Too much fuzz about a bad comment made by Evo Morales, all of you that write against him I assume are proCivicos_Paras_Neos. I don't know , But I have heard many ..other prime ministers or presidents around the world
I am not going to include Bush on the list .. because it will be unfair..but name one and we will get something on You tube so you can compare.
Let's go back to the core objectives of the summit..and make active constructive comments

8:42 PM  
Anonymous Anonymous said...

Mandela/Gandhi/MLK? and yes, it is not just one bad comment, but a pattern of lies, accusations, and other pure insanity.

Constructive comment: keep Evo and other clowns like him out of these summits.

9:11 PM  
Anonymous Anonymous said...

The Andean Nostradamus predicted that all humans would become bald in 50 years and that barbers would lose their jobs. Sounds like a boon for wig makers to me.

I'm still wondering if those Dutch potatoes injected with fish hormones that Morales talked about have grown fins and gils yet.

7:11 AM  
Anonymous Anonymous said...

Ricky Martin sure must have gulped down tons of chicken!

7:57 AM  
Anonymous Joe Camacho said...

To the Evo-hater that hides behind anonymity to hide facts as they misinform us:

I don't seek to justify ignorance. I tested a hypothesis to inform the ignorant: you.

The fact that use of hormones has been illegal in U.S. poultry production since 1952, according to USDA regulations is irrelevant because those regulations do not govern Bolivian poultry production. Thus your counterargument is irrelevant to our discussion.

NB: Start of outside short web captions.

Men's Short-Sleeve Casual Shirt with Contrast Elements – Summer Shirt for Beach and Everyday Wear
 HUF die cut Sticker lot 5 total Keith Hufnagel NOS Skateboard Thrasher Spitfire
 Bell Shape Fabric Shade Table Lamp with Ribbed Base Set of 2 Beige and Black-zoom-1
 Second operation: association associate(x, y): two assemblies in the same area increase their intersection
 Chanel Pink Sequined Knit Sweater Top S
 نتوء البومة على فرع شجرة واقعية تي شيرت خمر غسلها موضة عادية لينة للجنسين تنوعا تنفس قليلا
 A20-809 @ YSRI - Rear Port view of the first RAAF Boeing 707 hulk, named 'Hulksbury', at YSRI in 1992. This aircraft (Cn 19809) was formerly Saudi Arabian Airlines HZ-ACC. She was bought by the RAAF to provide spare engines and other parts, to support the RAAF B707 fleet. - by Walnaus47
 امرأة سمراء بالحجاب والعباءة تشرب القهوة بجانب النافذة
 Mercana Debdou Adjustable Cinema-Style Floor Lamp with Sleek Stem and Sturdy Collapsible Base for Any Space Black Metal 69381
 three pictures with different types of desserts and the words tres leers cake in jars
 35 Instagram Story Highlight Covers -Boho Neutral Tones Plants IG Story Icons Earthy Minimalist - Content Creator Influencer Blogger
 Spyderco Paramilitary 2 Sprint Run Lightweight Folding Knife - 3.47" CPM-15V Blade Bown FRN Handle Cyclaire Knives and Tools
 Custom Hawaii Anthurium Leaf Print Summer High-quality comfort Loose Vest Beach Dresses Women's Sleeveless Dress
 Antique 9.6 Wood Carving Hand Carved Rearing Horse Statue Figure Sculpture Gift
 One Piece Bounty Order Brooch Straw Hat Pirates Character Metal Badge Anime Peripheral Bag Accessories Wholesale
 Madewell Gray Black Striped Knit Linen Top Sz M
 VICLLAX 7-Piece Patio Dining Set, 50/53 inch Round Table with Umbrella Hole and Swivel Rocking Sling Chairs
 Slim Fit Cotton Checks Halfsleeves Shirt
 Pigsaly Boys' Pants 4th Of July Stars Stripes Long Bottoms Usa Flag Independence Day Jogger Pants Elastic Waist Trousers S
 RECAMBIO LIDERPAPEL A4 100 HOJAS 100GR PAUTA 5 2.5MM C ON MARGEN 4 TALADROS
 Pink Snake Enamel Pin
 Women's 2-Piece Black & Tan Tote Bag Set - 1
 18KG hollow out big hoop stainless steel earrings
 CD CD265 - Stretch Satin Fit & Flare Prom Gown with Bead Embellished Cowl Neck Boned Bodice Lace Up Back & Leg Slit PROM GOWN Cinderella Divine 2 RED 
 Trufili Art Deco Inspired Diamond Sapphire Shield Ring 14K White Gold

It is a fact that Bolivian chicken breeders-in Coroico, at a minimum-feed estrogen to their chickens. Thus large amounts of estrogen are in the Bolivian food chain. The breeders do so because of the accelerated rate at which chickens gain weight. (Yet, those breeders refuse to eat the chickens they raise.)

It is a fact that the research within the article (which is specific to poultry & estrogen) is on point & relevant to President Morales' hypothesis. The article establishes that the size of the testes & combs diminish in roosters. Further, they deviate from their male role by not engaging in sex with the hens & by adopting submissive hen-like positions when approached by other roosters. Thus if a rooster's comb disappears & it acts like a hen when next to a rooster, is it not a like becoming bald & gay?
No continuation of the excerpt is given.